Integration Installation
To link R to Mongo, use the RMongo library. Behind the scenes, this uses a R to Java bridge and the Java MongoDB driver.
Installation is reasonably simple:
-
Validate
$ cd ..$ R CMD check RMongo
-
Build
$ R CMD build RMongo
-
Install
$ R CMD install RMongo*.tar.gz
These steps assume you already have R installed and available from the command line.
Query for Data
Now from within R, you can connect to a local MongoDB. The mongoDbConnect function takes some additional arguments if your database is remote.
> library("RMongo")
> mongo < - mongoDbConnect("db")
> result < - dbGetQuery(mongo, "items", "", 0, 10)
> result$publish_date
[1] "2011-03-03" "2011-03-03" "2011-04-20" "2011-01-24" "2011-01-24" "2011-04-11" "2011-03-29"

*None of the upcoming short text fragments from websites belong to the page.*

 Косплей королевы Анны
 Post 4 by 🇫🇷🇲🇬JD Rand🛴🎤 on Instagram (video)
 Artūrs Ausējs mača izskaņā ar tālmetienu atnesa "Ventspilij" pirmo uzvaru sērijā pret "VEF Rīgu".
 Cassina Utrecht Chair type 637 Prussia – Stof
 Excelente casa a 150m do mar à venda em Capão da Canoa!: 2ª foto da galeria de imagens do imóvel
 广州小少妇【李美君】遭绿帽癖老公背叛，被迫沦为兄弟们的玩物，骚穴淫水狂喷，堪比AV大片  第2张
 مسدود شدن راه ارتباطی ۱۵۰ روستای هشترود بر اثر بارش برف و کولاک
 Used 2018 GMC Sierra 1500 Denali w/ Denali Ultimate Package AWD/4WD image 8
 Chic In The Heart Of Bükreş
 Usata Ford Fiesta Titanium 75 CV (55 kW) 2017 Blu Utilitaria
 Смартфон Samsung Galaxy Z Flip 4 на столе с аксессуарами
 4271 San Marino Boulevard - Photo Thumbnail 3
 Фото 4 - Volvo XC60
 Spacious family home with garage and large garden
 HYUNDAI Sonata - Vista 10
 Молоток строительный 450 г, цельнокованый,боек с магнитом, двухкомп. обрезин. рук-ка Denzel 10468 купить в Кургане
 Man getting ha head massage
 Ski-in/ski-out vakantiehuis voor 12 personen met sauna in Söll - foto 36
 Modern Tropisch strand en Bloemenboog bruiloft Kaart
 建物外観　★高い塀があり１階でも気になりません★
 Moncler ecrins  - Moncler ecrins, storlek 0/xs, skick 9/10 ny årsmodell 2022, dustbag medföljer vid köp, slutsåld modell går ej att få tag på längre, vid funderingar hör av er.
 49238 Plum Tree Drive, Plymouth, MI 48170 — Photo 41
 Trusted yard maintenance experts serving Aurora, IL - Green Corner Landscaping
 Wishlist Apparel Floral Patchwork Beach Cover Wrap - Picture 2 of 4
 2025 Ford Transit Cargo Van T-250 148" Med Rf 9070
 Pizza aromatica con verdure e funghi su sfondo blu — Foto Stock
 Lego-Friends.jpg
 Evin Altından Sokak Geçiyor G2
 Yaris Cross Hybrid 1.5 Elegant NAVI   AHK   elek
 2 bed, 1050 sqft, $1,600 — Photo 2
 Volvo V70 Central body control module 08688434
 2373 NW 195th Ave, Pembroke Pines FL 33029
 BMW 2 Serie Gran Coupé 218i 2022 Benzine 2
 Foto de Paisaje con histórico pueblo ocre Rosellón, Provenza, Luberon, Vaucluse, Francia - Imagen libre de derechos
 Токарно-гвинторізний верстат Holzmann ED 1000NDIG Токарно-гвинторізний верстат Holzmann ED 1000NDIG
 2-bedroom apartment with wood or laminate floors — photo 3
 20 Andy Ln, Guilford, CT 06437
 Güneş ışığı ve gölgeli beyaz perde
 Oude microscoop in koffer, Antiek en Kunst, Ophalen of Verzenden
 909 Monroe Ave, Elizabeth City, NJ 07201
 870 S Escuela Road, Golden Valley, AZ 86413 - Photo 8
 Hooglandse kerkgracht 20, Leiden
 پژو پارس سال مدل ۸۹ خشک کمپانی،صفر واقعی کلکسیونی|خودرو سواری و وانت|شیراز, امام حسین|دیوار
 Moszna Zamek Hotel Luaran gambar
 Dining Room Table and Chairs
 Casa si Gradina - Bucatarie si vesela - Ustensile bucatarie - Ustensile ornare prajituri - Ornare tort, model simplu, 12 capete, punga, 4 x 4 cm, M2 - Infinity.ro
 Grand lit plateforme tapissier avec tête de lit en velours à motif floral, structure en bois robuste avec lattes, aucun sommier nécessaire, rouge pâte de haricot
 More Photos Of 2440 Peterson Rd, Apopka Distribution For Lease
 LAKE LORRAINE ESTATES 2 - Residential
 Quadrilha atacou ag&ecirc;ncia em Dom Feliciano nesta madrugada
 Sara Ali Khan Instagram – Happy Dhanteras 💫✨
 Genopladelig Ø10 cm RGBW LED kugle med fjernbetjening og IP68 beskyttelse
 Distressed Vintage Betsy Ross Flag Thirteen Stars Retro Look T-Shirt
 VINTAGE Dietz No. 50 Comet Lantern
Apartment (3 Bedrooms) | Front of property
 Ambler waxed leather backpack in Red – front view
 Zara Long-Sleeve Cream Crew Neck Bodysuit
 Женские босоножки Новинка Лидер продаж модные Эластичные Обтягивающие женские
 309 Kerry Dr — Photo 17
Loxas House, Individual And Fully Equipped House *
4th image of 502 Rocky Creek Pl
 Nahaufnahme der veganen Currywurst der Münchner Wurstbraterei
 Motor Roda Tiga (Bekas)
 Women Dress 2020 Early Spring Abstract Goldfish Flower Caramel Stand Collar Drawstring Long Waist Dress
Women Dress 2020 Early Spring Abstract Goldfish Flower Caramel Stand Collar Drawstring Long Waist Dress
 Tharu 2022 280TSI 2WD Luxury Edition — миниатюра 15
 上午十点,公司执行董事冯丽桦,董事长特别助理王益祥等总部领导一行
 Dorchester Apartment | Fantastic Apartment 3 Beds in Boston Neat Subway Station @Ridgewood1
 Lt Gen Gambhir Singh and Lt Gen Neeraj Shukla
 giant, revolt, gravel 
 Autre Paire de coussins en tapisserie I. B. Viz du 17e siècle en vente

[8] "2011-03-28" "2011-03-22" "2011-03-14"
To some extent, it is as simple as that. You can use more complex queries to extract the data that you want.
The main query function takes five arguments:
- database connection
- collection name
- query
- skip - how many objects to skip
- limit - total number of objects to return
For example, extract all fields from an items collection where an item was published during April 2011:
> result < - dbGetQuery(mongo, "items", "{'publish_date' : { '$gte' : '2011-04-01', '$lt' : '2011-05-01'}}")
To limit data returned to specific fields, use dbGetQueryForKeys instead:
> result < - dbGetQueryForKeys(mongo, "items", "{'publish_date' : { '$gte' : '2011-04-01', '$lt' : '2011-05-01'}}", "{'publish_date' : 1, 'rank' : 1}")
Plotting of Results
First, summarise the results into a table:
> res < - transform(result, day = weekdays(as.Date(publish_date)))
> res.days < - factor(res$day, levels = c('Sunday', 'Monday', 'Tuesday', 'Wednesday', 'Thursday', 'Friday', 'Saturday'), ordered=TRUE)
> table(res.days)
res.days
Sunday Monday Tuesday Wednesday Thursday Friday Saturday
30 74 123 121 131 128 86
Then, plot as a barchar:
> barplot(t(as.matrix(table(res.days))), main='Items per day of week')
Which gives the following graphic:
This makes it easy to see how many articles were available per day across April.
While I am still scratching the surface, the combination of R with MongoDB looks to be quite useful.